◆ WHAT NEEDS TO BE DONE ◆
Could you copy exactly the lines below, beginning at the line with "Moka Espresso Coffee Maker" and stopping after the line with "Nerf Elite - Rukkus ICS-8", with no pictures?

◆ SUPPLIED RECORDS ◆
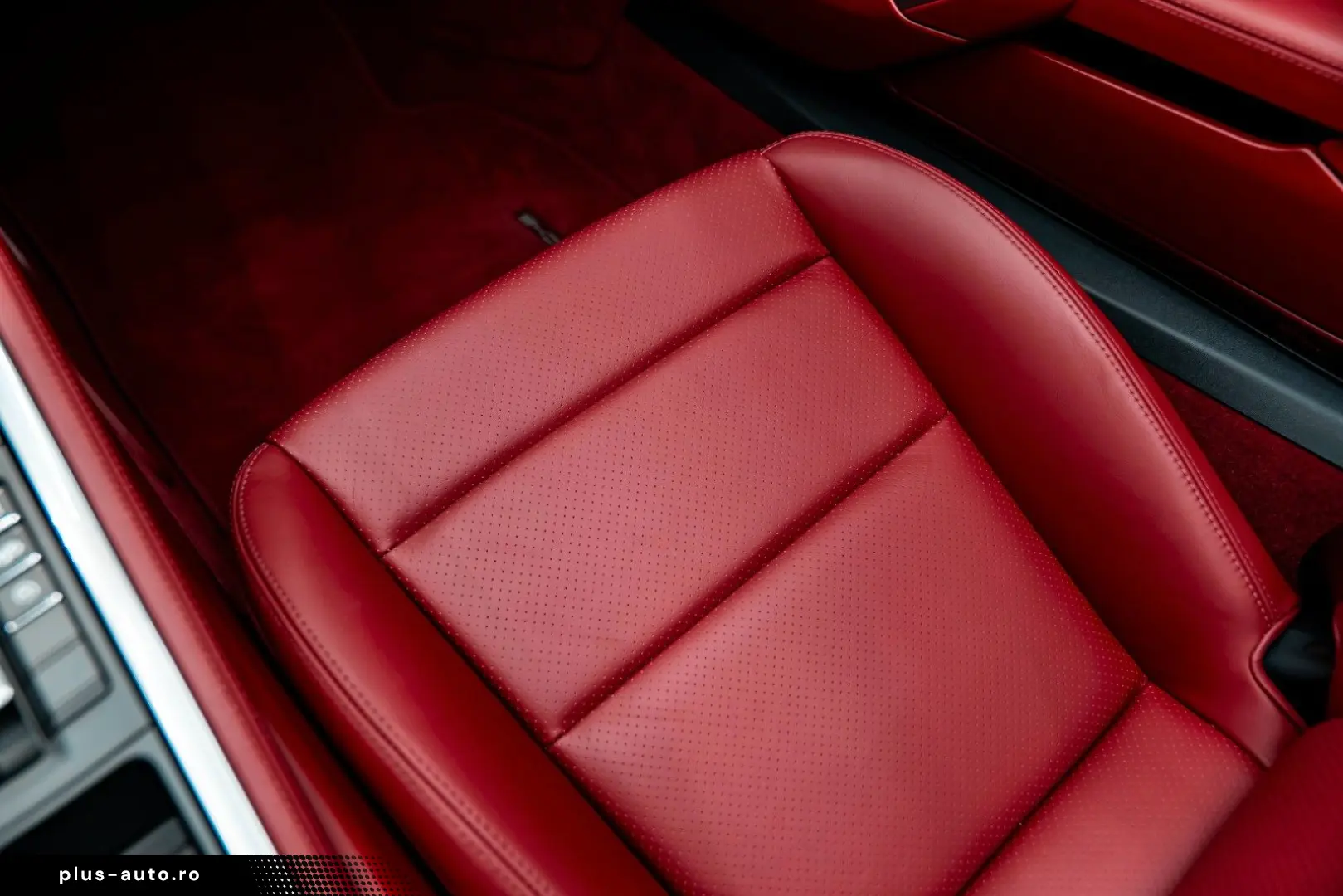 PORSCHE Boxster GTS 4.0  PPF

==

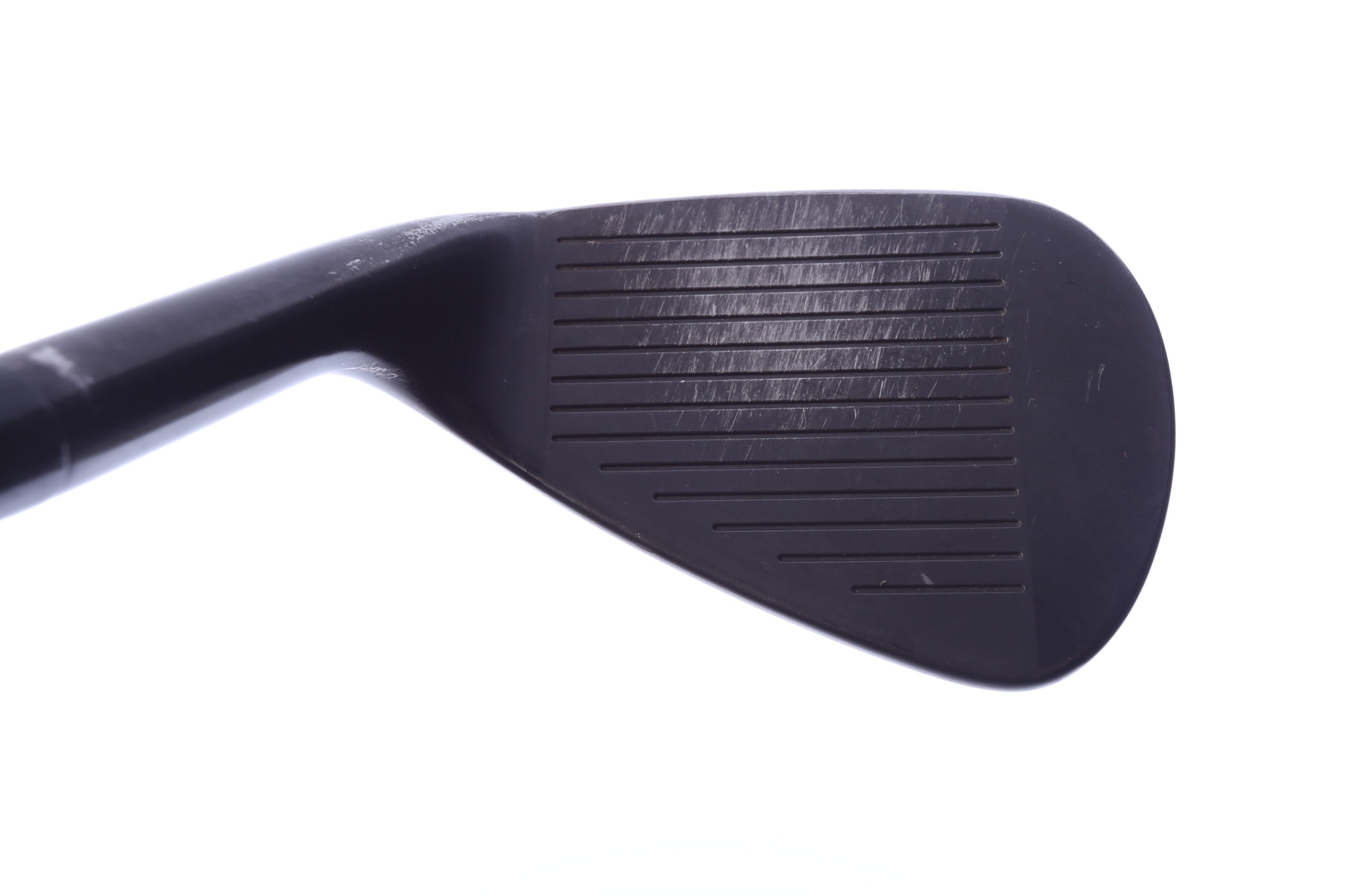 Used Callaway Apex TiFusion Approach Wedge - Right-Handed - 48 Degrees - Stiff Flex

...

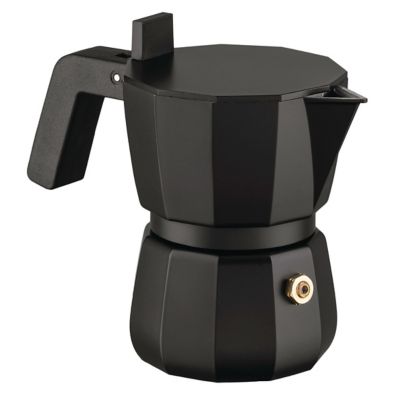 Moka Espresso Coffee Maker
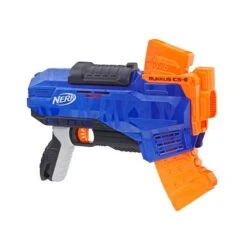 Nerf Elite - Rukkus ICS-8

◆ FINAL ANSWER ◆
 Moka Espresso Coffee Maker
 Nerf Elite - Rukkus ICS-8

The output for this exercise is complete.